### Work to be completed
Please repeat the lines below, exactly and only, from the one that holds "Listing Photo 14" through the one that holds "Bombardeo en Kiev".
#### Records shown ####
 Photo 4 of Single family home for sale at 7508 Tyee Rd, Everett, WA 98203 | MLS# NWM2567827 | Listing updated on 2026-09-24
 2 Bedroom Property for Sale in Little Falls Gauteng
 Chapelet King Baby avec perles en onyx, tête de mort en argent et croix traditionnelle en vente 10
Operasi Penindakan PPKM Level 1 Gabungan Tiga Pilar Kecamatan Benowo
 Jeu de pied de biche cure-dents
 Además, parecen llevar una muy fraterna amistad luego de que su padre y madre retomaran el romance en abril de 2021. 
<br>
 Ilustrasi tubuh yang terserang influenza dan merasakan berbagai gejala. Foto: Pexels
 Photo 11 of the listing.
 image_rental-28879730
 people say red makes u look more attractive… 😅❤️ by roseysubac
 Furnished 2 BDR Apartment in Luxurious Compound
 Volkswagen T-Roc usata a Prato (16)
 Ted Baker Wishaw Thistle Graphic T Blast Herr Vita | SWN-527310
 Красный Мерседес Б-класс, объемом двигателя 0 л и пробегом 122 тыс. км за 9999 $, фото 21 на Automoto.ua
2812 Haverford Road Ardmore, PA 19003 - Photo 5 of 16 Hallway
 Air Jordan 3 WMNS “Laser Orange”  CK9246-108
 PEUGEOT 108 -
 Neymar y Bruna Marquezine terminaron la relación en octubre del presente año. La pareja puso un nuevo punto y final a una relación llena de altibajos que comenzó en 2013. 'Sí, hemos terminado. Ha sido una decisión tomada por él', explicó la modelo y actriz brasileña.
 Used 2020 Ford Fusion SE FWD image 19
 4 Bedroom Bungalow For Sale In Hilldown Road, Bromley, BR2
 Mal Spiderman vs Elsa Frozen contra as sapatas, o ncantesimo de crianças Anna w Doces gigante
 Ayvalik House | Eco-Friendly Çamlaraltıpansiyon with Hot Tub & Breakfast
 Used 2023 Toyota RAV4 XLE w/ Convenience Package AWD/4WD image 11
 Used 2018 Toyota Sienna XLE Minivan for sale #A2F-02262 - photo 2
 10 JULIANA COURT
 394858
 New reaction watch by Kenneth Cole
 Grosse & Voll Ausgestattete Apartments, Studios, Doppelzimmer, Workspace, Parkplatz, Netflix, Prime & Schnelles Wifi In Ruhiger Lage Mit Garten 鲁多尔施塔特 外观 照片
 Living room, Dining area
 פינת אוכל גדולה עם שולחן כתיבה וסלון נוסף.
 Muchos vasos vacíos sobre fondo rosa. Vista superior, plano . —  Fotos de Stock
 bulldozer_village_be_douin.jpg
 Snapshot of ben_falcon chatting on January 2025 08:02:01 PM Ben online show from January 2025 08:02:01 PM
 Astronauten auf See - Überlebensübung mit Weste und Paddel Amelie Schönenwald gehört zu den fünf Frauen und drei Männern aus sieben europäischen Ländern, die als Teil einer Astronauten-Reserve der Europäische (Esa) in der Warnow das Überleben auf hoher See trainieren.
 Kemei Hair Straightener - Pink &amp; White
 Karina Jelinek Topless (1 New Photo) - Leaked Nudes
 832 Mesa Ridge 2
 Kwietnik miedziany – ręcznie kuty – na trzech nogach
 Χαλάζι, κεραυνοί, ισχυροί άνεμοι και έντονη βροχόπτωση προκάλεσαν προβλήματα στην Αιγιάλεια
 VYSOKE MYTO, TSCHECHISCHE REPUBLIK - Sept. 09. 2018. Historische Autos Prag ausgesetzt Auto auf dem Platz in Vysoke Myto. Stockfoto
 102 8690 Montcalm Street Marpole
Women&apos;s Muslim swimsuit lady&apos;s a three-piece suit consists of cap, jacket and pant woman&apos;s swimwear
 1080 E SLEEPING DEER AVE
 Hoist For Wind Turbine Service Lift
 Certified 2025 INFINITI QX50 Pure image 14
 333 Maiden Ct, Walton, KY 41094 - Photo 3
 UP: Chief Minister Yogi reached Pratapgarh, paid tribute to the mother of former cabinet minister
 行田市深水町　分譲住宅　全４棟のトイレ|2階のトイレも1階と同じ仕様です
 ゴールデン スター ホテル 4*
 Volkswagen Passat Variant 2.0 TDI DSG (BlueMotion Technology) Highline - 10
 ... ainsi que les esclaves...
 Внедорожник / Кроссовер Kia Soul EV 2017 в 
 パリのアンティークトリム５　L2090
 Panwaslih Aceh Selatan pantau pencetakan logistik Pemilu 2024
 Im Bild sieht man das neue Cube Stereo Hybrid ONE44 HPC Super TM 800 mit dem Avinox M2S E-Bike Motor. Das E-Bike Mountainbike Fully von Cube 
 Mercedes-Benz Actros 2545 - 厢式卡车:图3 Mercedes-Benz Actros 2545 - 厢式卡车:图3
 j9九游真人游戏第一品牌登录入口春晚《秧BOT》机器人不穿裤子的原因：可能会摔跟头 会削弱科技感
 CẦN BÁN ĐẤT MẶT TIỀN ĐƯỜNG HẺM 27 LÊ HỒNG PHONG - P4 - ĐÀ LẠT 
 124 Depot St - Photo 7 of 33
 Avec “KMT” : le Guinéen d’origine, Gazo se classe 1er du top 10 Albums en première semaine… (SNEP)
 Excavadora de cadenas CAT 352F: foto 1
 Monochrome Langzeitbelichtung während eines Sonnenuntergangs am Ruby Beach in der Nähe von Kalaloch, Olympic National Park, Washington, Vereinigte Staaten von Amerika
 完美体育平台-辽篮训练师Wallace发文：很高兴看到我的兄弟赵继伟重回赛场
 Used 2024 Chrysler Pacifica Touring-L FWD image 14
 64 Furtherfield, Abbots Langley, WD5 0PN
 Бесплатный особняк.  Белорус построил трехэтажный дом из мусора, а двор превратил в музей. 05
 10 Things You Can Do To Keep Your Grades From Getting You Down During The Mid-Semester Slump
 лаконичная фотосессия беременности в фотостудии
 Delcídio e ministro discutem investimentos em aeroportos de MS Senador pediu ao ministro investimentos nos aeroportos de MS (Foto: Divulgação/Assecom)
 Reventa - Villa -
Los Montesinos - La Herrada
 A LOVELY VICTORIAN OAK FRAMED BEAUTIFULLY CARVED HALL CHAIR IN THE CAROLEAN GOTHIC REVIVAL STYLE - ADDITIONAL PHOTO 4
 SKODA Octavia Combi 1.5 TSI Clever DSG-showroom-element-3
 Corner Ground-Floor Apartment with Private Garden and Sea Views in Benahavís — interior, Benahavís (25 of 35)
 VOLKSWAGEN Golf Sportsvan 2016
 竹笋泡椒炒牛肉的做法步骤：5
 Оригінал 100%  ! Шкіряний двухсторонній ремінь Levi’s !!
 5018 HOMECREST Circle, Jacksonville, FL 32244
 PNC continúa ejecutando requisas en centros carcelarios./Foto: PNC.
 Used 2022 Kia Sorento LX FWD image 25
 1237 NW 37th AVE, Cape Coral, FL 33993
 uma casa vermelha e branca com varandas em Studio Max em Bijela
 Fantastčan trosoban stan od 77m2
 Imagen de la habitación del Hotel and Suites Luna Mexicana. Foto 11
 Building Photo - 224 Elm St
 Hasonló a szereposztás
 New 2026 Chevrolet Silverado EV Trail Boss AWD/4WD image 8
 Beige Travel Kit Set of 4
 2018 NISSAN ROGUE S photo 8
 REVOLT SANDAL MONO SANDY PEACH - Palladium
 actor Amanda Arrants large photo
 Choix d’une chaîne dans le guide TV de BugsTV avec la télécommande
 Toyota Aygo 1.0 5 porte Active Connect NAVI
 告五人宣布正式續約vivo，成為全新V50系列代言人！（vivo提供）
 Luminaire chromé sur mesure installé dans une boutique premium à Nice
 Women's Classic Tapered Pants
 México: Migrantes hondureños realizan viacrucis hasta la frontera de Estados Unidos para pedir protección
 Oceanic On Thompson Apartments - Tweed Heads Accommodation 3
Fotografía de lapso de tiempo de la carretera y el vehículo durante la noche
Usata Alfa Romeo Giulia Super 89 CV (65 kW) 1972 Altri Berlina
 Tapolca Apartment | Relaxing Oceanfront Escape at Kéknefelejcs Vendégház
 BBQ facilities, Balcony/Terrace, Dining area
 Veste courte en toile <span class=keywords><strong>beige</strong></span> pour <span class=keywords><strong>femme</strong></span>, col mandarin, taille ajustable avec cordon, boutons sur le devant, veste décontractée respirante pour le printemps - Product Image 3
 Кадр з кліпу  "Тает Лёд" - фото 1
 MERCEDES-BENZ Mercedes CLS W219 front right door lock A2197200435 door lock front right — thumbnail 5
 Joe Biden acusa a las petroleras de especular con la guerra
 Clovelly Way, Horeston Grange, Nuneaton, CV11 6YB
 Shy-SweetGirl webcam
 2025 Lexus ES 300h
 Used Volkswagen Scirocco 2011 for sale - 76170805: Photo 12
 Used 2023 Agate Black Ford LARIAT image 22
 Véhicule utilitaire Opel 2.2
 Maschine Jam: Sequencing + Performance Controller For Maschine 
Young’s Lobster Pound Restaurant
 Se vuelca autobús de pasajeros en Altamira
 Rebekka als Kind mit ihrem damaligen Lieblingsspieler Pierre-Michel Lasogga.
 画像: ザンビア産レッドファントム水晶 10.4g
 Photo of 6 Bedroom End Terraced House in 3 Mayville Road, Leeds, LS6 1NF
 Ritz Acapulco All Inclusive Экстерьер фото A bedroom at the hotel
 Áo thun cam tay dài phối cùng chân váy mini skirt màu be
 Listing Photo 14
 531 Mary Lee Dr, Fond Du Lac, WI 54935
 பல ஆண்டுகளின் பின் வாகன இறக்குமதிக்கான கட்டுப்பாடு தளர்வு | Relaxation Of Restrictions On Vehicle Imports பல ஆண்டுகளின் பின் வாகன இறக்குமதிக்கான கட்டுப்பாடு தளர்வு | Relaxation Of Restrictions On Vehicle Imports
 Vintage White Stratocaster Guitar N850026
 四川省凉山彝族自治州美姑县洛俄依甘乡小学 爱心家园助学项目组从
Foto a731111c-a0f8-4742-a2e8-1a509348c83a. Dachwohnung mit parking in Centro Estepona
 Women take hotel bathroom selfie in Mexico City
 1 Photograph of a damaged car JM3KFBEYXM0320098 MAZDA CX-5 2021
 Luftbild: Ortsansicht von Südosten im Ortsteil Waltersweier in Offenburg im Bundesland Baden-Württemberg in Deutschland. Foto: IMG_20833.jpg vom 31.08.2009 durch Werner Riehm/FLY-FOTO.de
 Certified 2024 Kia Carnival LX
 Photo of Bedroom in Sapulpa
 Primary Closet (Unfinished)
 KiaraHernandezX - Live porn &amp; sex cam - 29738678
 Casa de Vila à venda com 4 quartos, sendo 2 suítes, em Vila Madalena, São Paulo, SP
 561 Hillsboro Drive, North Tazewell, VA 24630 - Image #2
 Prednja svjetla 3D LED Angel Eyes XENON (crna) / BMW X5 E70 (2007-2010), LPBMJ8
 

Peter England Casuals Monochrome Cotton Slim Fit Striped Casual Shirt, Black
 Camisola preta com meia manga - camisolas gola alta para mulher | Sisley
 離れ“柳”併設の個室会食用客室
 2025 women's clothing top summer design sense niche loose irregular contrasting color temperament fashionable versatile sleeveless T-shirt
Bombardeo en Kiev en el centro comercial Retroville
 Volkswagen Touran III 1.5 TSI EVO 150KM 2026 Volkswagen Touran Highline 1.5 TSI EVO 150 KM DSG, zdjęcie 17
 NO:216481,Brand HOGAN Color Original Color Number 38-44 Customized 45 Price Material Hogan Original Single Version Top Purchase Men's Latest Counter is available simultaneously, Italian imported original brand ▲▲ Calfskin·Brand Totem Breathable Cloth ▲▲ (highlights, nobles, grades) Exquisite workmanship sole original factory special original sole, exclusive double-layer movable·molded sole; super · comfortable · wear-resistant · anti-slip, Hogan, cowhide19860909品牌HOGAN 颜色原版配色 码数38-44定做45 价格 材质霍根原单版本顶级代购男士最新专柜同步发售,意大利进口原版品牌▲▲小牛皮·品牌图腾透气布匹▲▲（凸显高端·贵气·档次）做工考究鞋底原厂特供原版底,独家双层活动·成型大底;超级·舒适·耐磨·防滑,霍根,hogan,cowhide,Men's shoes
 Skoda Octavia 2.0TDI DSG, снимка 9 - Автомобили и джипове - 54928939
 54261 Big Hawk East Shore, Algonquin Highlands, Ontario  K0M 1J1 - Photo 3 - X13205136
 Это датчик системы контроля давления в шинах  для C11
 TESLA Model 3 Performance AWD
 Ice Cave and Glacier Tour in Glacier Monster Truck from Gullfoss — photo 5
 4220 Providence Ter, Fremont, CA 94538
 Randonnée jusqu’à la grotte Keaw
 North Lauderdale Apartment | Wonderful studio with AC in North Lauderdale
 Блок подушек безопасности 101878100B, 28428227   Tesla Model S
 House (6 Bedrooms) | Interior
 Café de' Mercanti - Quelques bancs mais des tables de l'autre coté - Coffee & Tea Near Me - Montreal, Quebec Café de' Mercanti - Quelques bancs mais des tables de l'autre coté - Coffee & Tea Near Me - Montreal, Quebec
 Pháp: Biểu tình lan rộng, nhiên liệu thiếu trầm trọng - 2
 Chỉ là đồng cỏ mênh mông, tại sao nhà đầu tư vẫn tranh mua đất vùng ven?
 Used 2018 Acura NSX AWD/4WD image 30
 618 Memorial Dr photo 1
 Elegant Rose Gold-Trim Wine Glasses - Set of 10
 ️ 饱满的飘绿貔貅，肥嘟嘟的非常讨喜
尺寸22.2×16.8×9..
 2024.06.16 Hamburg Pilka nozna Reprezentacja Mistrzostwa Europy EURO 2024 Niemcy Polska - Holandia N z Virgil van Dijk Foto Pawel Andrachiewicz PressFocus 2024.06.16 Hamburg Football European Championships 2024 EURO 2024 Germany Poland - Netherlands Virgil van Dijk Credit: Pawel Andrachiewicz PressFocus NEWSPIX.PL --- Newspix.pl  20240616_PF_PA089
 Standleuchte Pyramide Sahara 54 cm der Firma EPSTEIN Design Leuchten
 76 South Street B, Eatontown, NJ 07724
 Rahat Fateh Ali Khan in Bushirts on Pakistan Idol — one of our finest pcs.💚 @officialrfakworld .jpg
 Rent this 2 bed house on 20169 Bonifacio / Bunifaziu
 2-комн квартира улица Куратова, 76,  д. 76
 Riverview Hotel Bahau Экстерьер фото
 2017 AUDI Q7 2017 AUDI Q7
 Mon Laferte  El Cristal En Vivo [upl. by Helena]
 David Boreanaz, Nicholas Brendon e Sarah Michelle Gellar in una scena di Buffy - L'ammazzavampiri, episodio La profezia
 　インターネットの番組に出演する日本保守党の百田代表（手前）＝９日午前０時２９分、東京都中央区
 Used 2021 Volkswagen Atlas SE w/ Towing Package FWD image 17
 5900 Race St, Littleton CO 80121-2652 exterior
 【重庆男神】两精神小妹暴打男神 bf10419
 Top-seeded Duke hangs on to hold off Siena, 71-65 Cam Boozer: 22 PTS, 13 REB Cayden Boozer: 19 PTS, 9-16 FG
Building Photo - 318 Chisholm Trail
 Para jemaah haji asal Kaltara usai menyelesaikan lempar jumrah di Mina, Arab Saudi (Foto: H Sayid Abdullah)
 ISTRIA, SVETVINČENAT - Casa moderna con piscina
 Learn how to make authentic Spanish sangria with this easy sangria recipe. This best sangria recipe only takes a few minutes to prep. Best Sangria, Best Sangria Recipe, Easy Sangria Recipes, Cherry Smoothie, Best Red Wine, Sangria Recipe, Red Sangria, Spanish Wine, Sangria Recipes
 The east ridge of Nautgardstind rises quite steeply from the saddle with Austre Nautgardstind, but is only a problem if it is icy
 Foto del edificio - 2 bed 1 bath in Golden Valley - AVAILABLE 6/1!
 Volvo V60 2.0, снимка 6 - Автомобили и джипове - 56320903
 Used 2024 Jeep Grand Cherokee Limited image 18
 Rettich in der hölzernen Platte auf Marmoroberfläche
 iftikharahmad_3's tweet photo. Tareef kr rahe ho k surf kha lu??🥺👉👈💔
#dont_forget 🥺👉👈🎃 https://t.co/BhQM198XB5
####
### Solution below
 Listing Photo 14
 531 Mary Lee Dr, Fond Du Lac, WI 54935
 பல ஆண்டுகளின் பின் வாகன இறக்குமதிக்கான கட்டுப்பாடு தளர்வு | Relaxation Of Restrictions On Vehicle Imports பல ஆண்டுகளின் பின் வாகன இறக்குமதிக்கான கட்டுப்பாடு தளர்வு | Relaxation Of Restrictions On Vehicle Imports
 Vintage White Stratocaster Guitar N850026
 四川省凉山彝族自治州美姑县洛俄依甘乡小学 爱心家园助学项目组从
Foto a731111c-a0f8-4742-a2e8-1a509348c83a. Dachwohnung mit parking in Centro Estepona
 Women take hotel bathroom selfie in Mexico City
 1 Photograph of a damaged car JM3KFBEYXM0320098 MAZDA CX-5 2021
 Luftbild: Ortsansicht von Südosten im Ortsteil Waltersweier in Offenburg im Bundesland Baden-Württemberg in Deutschland. Foto: IMG_20833.jpg vom 31.08.2009 durch Werner Riehm/FLY-FOTO.de
 Certified 2024 Kia Carnival LX
 Photo of Bedroom in Sapulpa
 Primary Closet (Unfinished)
 KiaraHernandezX - Live porn &amp; sex cam - 29738678
 Casa de Vila à venda com 4 quartos, sendo 2 suítes, em Vila Madalena, São Paulo, SP
 561 Hillsboro Drive, North Tazewell, VA 24630 - Image #2
 Prednja svjetla 3D LED Angel Eyes XENON (crna) / BMW X5 E70 (2007-2010), LPBMJ8
 

Peter England Casuals Monochrome Cotton Slim Fit Striped Casual Shirt, Black
 Camisola preta com meia manga - camisolas gola alta para mulher | Sisley
 離れ“柳”併設の個室会食用客室
 2025 women's clothing top summer design sense niche loose irregular contrasting color temperament fashionable versatile sleeveless T-shirt
Bombardeo en Kiev en el centro comercial Retroville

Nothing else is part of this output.